*Exercise details*: Set down each line of the records once more, precisely, and omit the pictures.

--*--

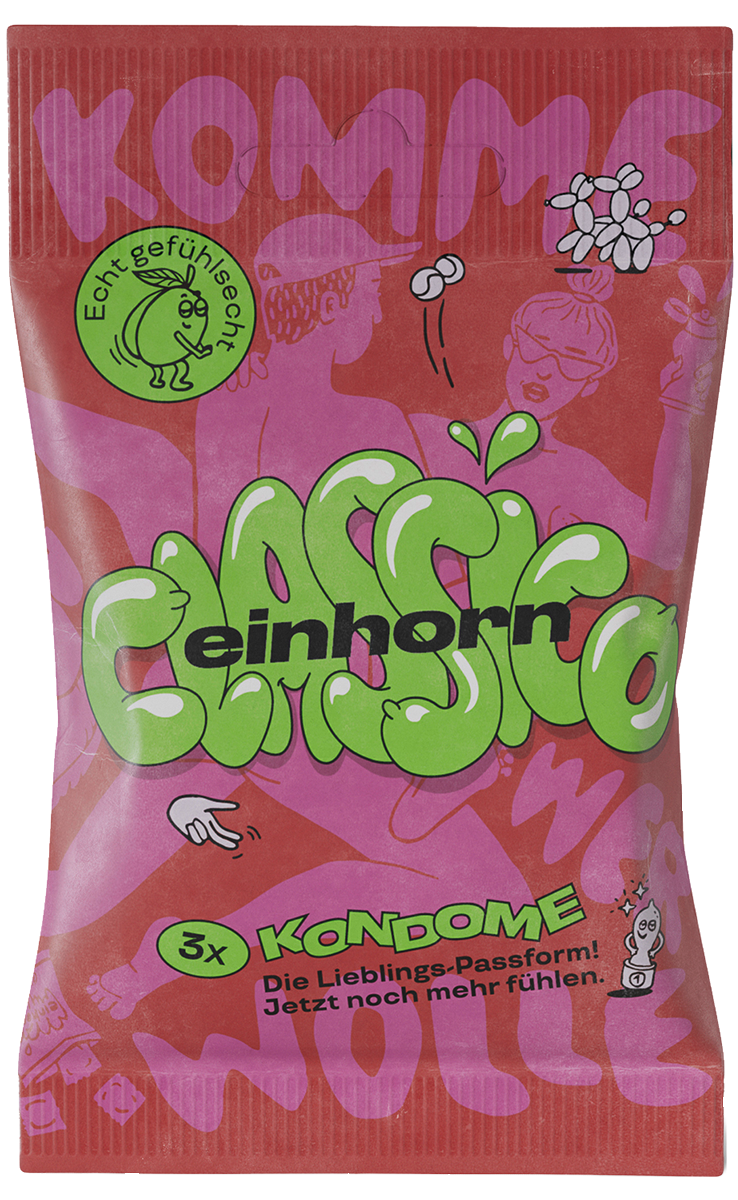 Einhorn Condoms: CLASSICO, vegan condoms in the chips bag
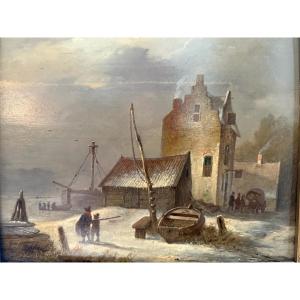 Andreas Schelfhout (1787 - 1870) Dutch Winter Landscape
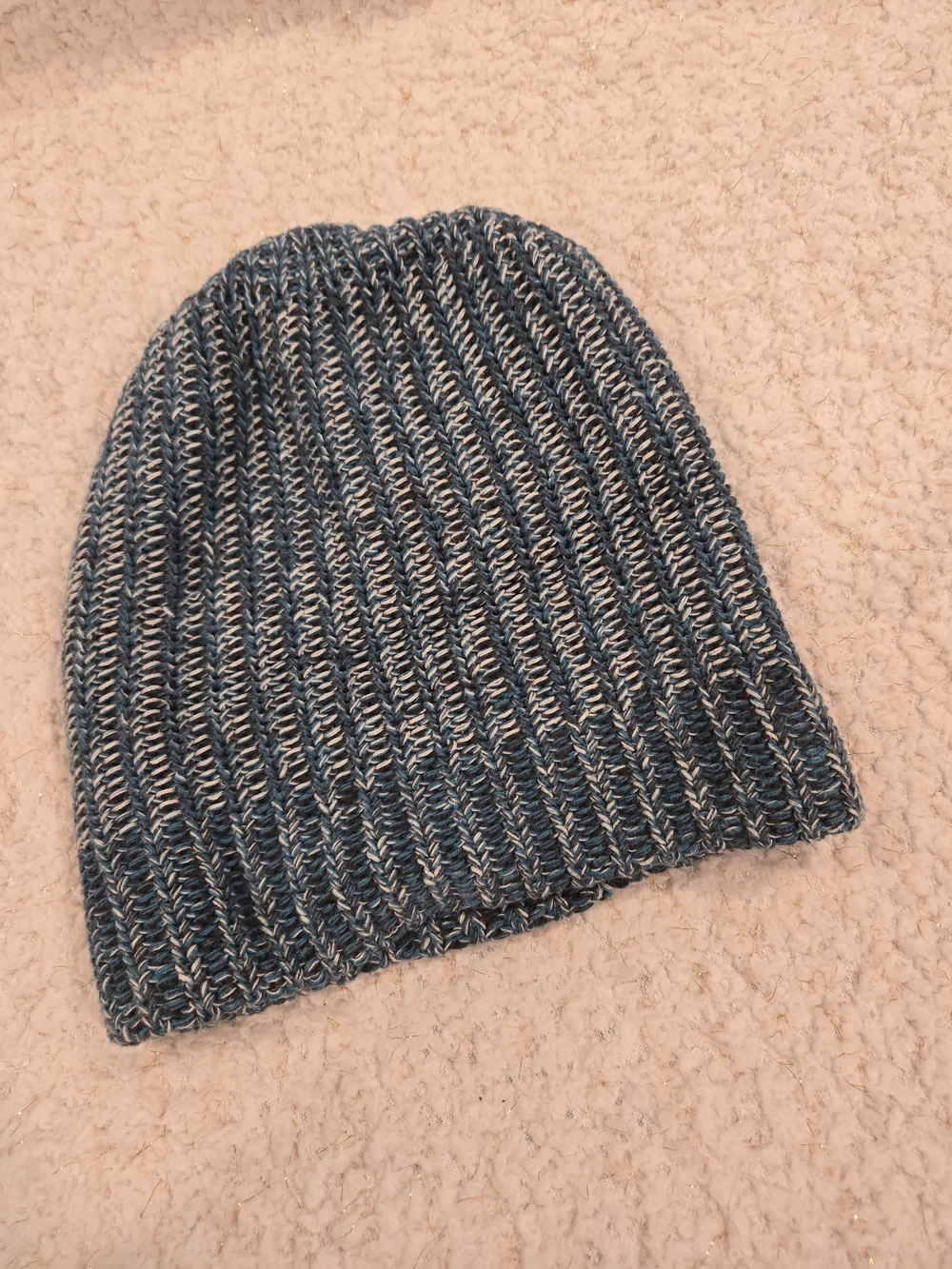 Love Your Melon Teal & White Marled Knit Beanie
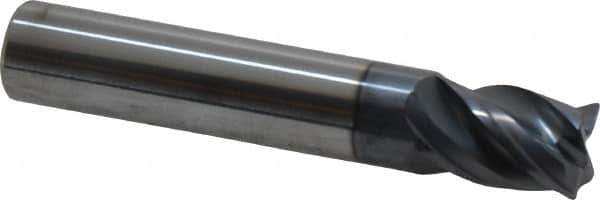 SGS - 7/16", 4 Flute, Single End, Solid Carbide, 0.0150 - 0.0200" Corner Radius End Mill - 2-1/2" OAL, Right Hand Flute, 5/8" LOC, Right Hand Cut - Eagle Tool & Supply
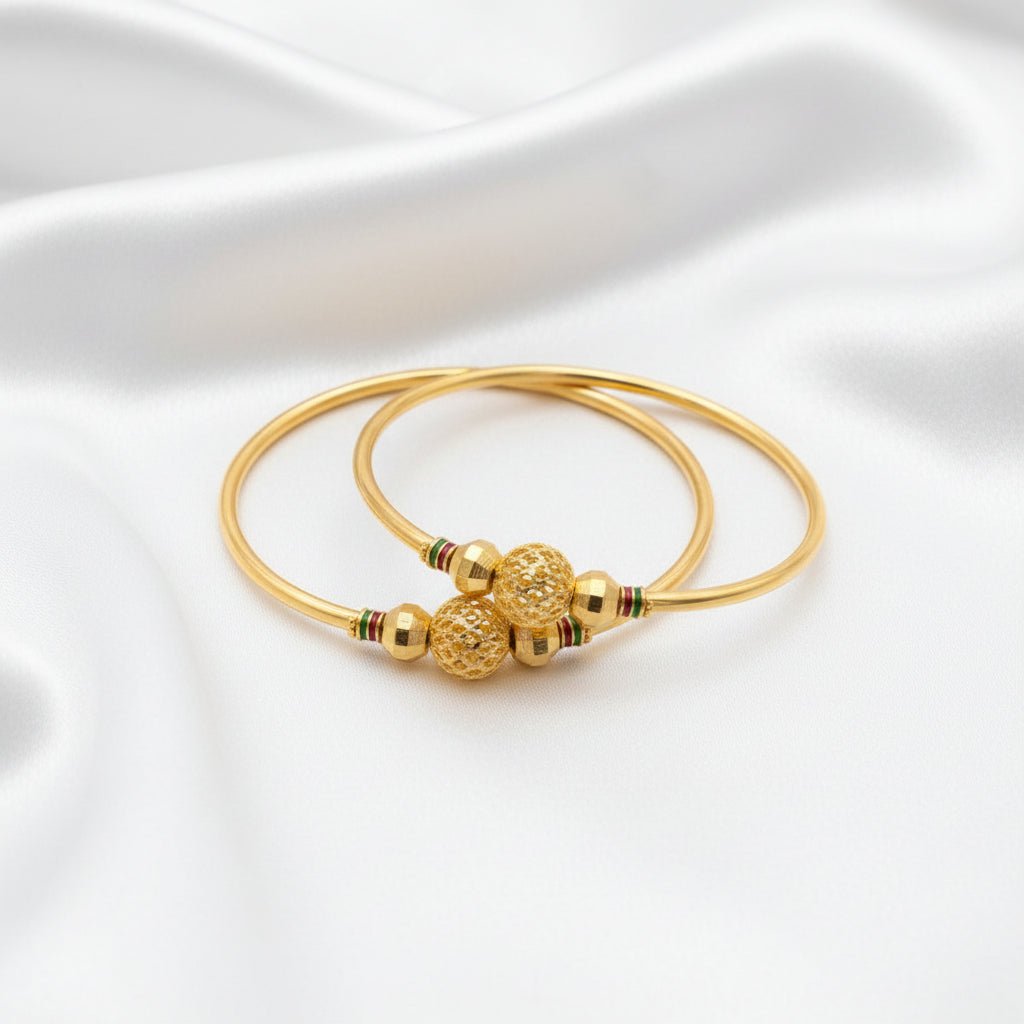 Elegant Gold Finish Beaded Designer Bangles with Green & Red Accents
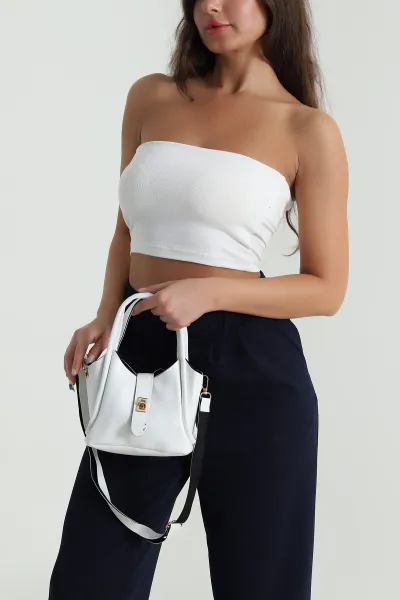 Beyaz Kilit Kapaklı Kadın El Kol ve Omuz Çantası 485569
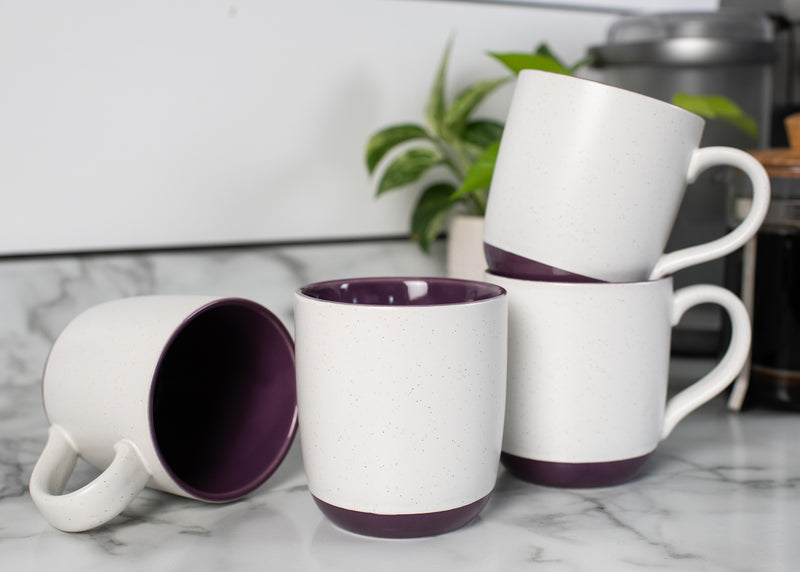 Elanze Designs Typewriter Speckled Purple 13 ounce Ceramic Coffee Mugs Set of 4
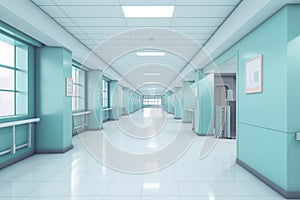 3d render of modern hospital corridor with blue walls and white floor, Empty modern hospital corridor background, Clinic hallway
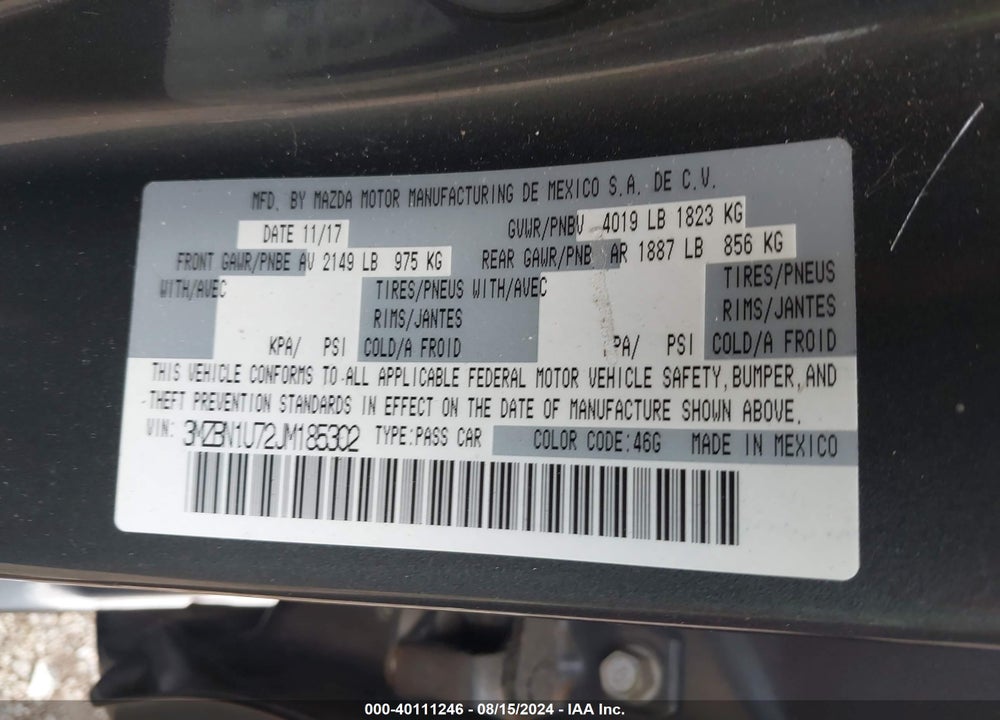 2018 MAZDA 3 SPORT VIN: 3MZBN1U72JM185302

--*--

*Solved exercise*:
 Einhorn Condoms: CLASSICO, vegan condoms in the chips bag
 Andreas Schelfhout (1787 - 1870) Dutch Winter Landscape
 Love Your Melon Teal & White Marled Knit Beanie
 SGS - 7/16", 4 Flute, Single End, Solid Carbide, 0.0150 - 0.0200" Corner Radius End Mill - 2-1/2" OAL, Right Hand Flute, 5/8" LOC, Right Hand Cut - Eagle Tool & Supply
 Elegant Gold Finish Beaded Designer Bangles with Green & Red Accents
 Beyaz Kilit Kapaklı Kadın El Kol ve Omuz Çantası 485569
 Elanze Designs Typewriter Speckled Purple 13 ounce Ceramic Coffee Mugs Set of 4
 3d render of modern hospital corridor with blue walls and white floor, Empty modern hospital corridor background, Clinic hallway
 2018 MAZDA 3 SPORT VIN: 3MZBN1U72JM185302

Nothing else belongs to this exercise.